That’s the problem with missing audit logs. In a world of microservices, every service talks to others. Requests fly between APIs. Data flows in and out. Without a clear record, a single bad call or malicious request can hide in the noise. When hundreds of services connect through an access proxy, you need more than trust. You need an unbroken chain of truth.
Audit Logs in Microservices Access Proxies
An audit log is not a record for compliance alone. It is the living memory of your system. In microservices, each service can emit logs for its own activity. But when traffic moves through an access proxy—your single point of entry—this is where the most critical audit trail should live.
An access proxy with full audit logging captures each request, its origin, the service it targets, metadata, headers, authentication details, and results. It can link events across distributed services, giving you a unified view. This makes it possible to detect security incidents, debug performance issues, and answer hard questions about who did what, when, and from where.
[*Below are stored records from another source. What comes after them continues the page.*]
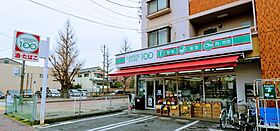 マロンディーグル  ｜ 愛知県名古屋市中村区長筬町6丁目（賃貸アパート1K・1階・19.88㎡） その19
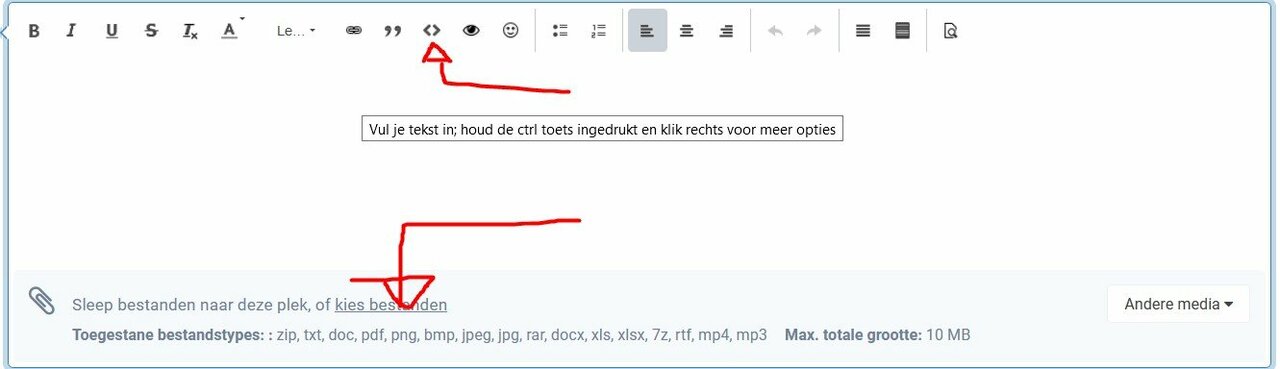 Screenshot_54.jpg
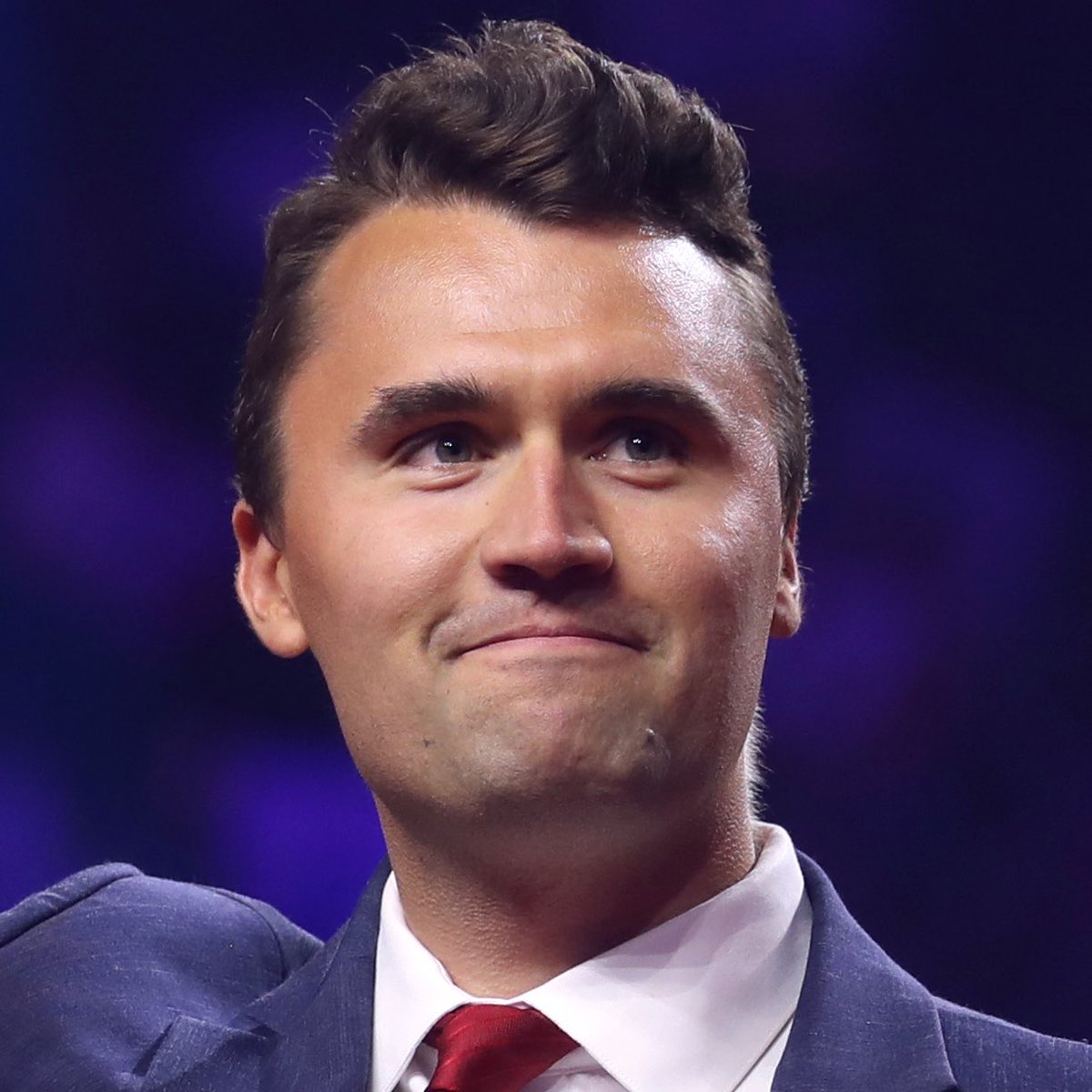 Danielle Gill tweet media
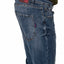 Jeans slim New London LK8 FW23/24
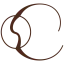 caffeingrani.com favicon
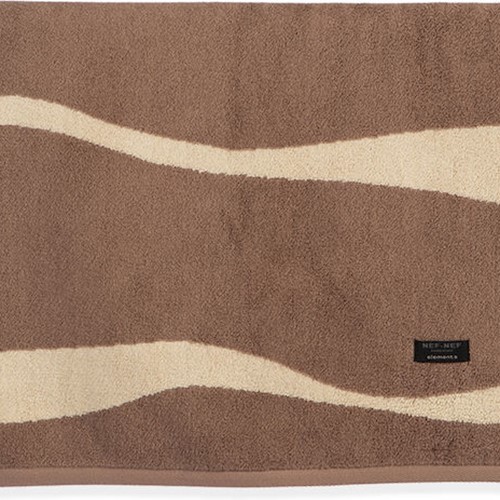 ΠΕΤΣΕΤΑ ΠΡΟΣΩΠΟΥ NEF-NEF HOMEWARE VIPER 50X90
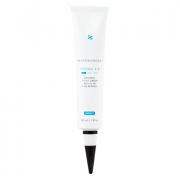 SkinCeuticals Retinol 0.3% 30ml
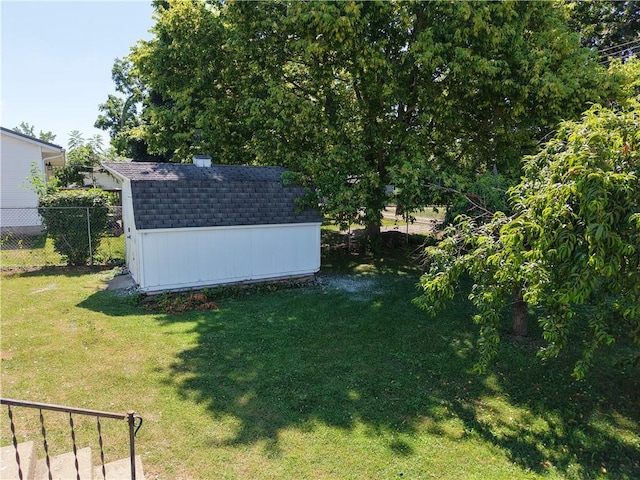 908 W S 1st St, Shelbyville, IL 62565 - photo 6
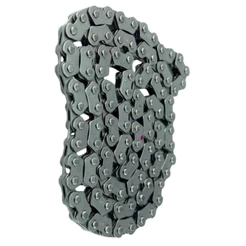 Corrente Comando Suzuki Yes 125 A Partir 2006 Riva 150 NX 150 Cbx 150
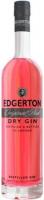 Edgerton Original Pink Dry 47 0.7L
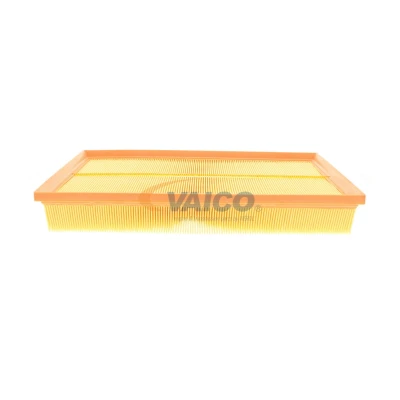 Imagem de VAICO V48 9540 Filtro de ar 163,0 346, 346 Cartucho filtrante Original Quality LAND ROVER: Range Rover 3, Sport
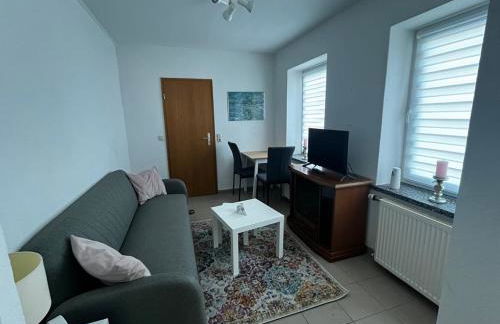 Ferienwohnung Puda - Foto 4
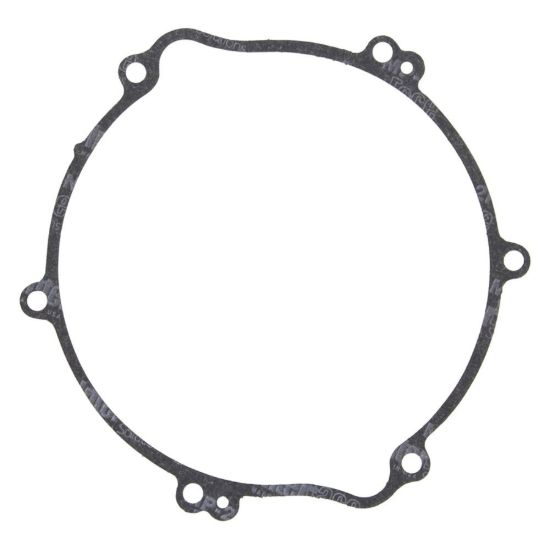 VERTEX CLUTCH GASKET OUTER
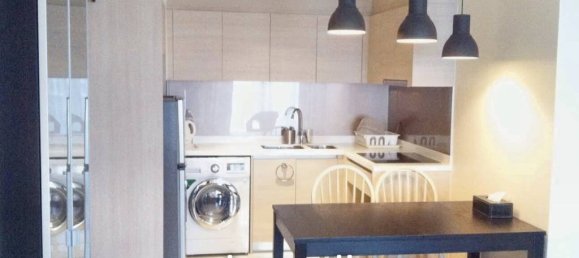 2 bedrooms Condo in Bangkok, Thailand No. 20274 3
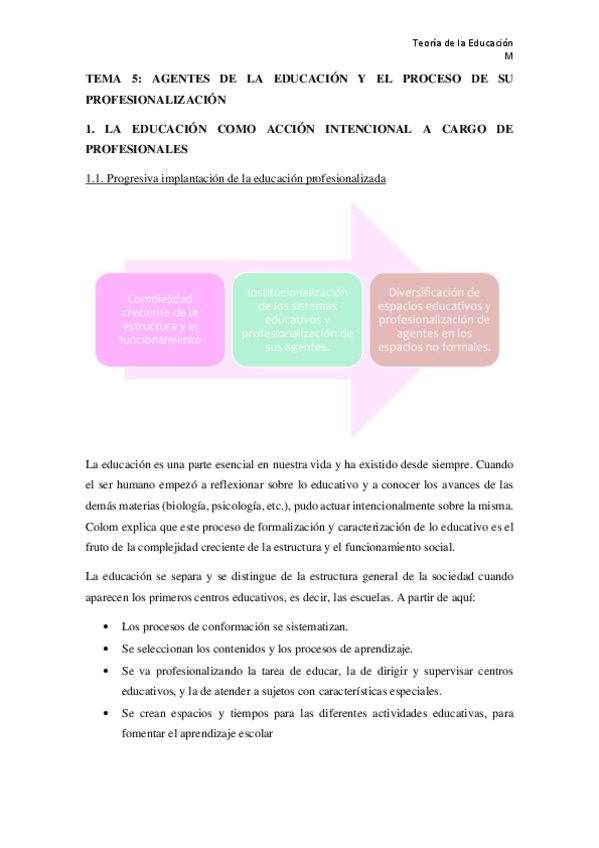 Miniatura del documento TEMA-5-TEORIA.pdf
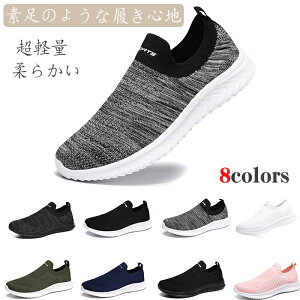 Xj[J[ X|[cV[Y Xb| fB[X jp Ōt ^C ƌC t@VlC d  fSn KbV Xb| LC Y 㗚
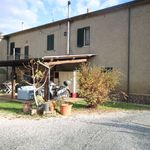 content-gallery-6-large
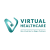 virtualhealthcare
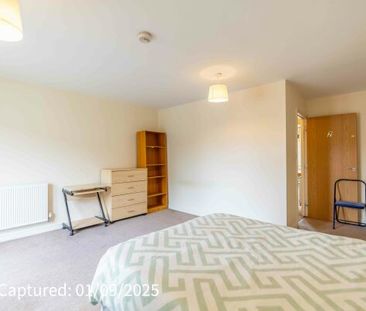 6, Hornby Court - Photo 5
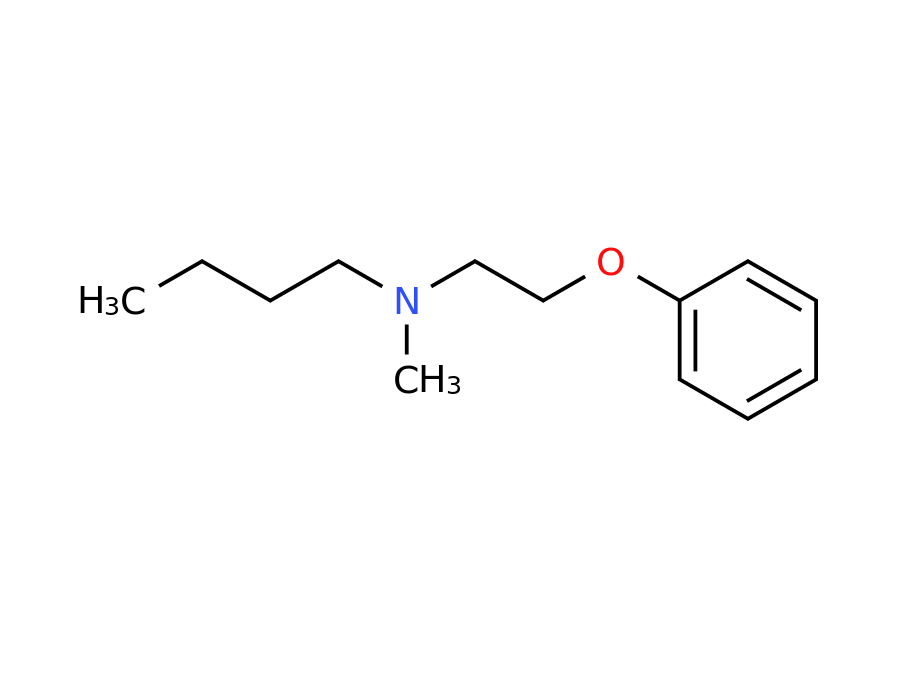 Structure Amb2876376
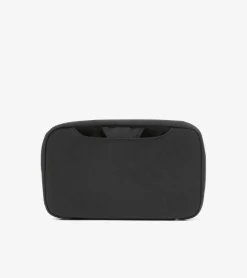ZERØGRAND Dopp Kit*Cole Haan Best Sale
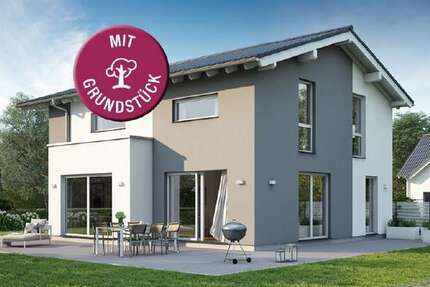 Haus zum Kaufen in Bogel 455.600 € 162 m²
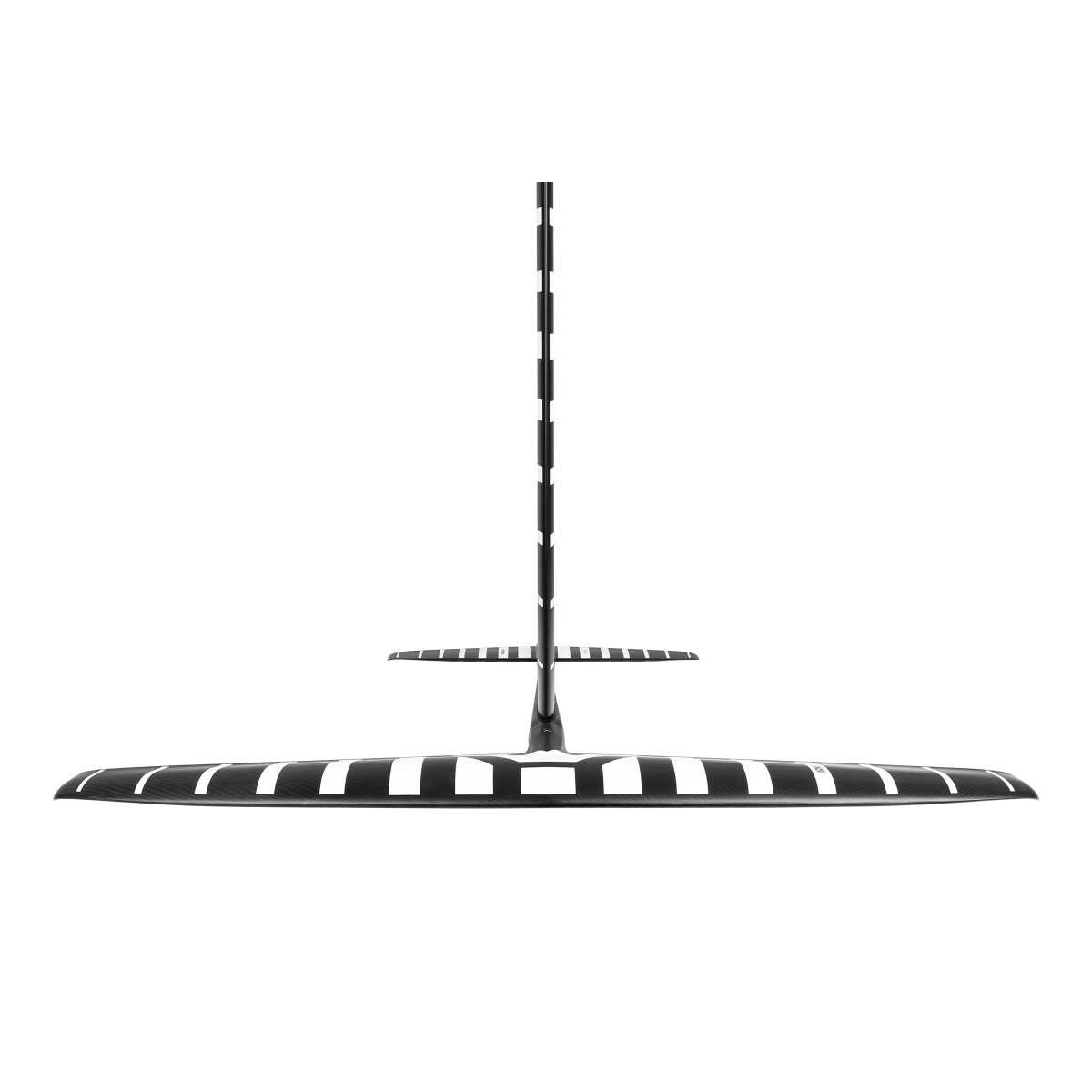 Armstrong Step 1 Foil Kits 2025 – Big Winds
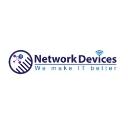 Network Devices Inc logo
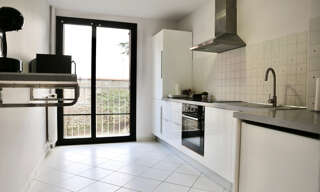 Appartement 3 Pièces 80 m² à vendre à Reims (51100)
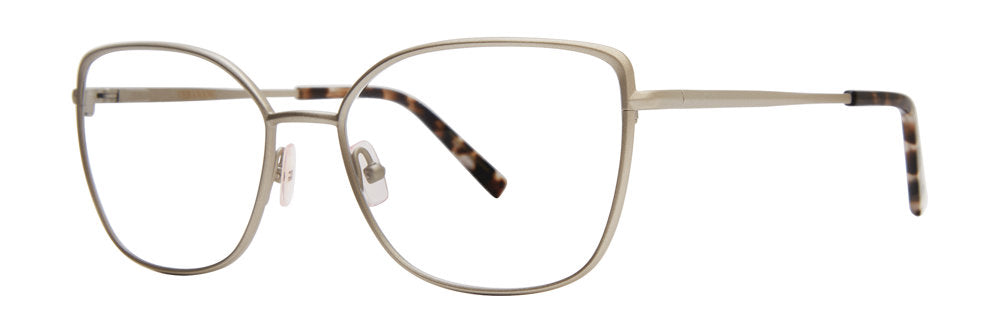Vera Wang V710 Eyeglasses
Why Audit Logs Belong in the Proxy
Placing audit logging directly in the access proxy has distinct advantages over relying solely on individual services. The proxy sees every request before it touches business logic. This means no gaps, no bypasses, and no lost traces. You get consistency in format, fields, and retention. With immutable storage, you can ensure integrity and non-repudiation of requests. When compliance requires certainty, the proxy is the right place to enforce it.